If you really want to read a user's comments, you obviously can, as you found out yourself. But let that be a manual exercise, or bookmark their page, or whatever. Keep the focus of HN on content, not personalities, please!
Edit: I did set up a “new response to your comment” email feature that someone posted in the Alan Kay AMA a while back. That’s useful for keeping a discussion going, but I wouldn’t want to see much more.
Rock-star is the antithesis of hacker, imho.
A lot of HN users do have a blog you just need to find it.
I think HN is fine the way it is but if anything I wish I could express my gratitude and encouragement to those users.
For example, being able to award/react to comments like Reddit, Facebook and Slashdot have. Sometimes it's good to just get a feel for what others are thinking of a comment, rather than having to read a comment which either basically repeats what the previous commenter said but with different words, or just disagrees without adding much. I think this would improve the information density of the forum by encouraging substantive comments, and replacing the useless padding comments to mere annotations.
(Perhaps this would be a good use of emojis? Keep them blocked from appearing in the comments themselves, but allow them as short annotations to other comments.)
Another example, having a comment thread on each user profile, which could have a mix of public or private comments. Sort of like Reddit's messaging, but with a public aspect too.

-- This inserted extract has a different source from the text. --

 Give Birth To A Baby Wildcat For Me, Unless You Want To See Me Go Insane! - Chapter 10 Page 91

HN currently has no mechanism for direct messaging for some reason, and it seems a glaring omission, considering the community-building advantages this can inspire. This would fill this gap nicely.
One more suggestion: being able to add a photograph to your own profile. It's great to talk to other people in cyberspace with text, but sometimes it's also nice to get a visual indicator of who you're communicating with. This doesn't have to be a real life photograph of course, any representative avatar would be fine. I think it would add colour and warmth to interactions on HN. Perhaps to make it more interesting for HN clientele, it could be limited to something like monochrome 256x256 for that old school feeling, or you need to upload a LISP program to generate it.

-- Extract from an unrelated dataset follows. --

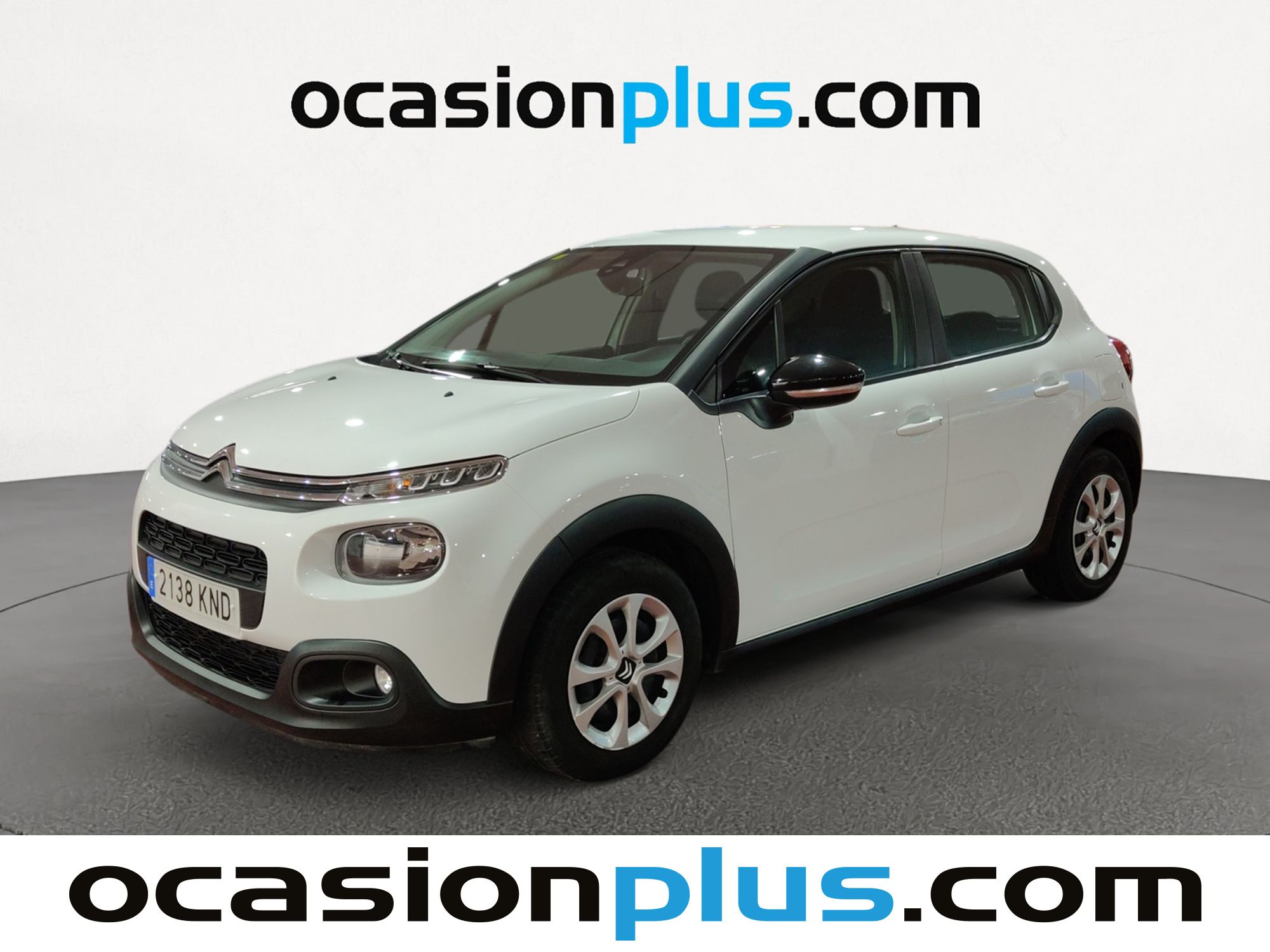 citroen-c3-puretech-82-feel-83-cv-en-madrid-b1e67fc9efb69dc716c7cd71cc1390a0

Anyway just some suggestions, would be interested to know other HNers' thoughts.
I distinctly remember how this played a role with Mrbabyman on Digg c. 2008 or so.
Sometimes threads explode with replies. Revisiting the thread several times while the conversation is still active, I find it cumbersome to read through hundreds of the replies again to find the newest ones.
Maybe this already exists.
That I could easily add the feature to allow follows.
But it seems like at least in this thread there isn't popular support for the feature.
I think I agree it shouldn't be built into HN though
"author:username1 author:un2 .. .. .."
there is a limit on how many users you can search this way, I have split my list of users into 2 lines, and have those 2 lines pinned in my clipboard history.
I like the randomness of things I get to see and do not want to make another bubble for myself.
Instead of an option to follow certain authors there could be an option to follow certain subjects across time, e.g. "free software mobile platforms", "process control systems based on common single-board computers", "decentralisation of internet services", etc. Posts and comments from all authors (no matter their score) can be returned on such a category in chronological order, with links back to their original appearance on the site. Categories could be created through search queries, curated by hand (similar to the way indexes like DMOZ [1] were maintained) or by using ML to track discussion trends.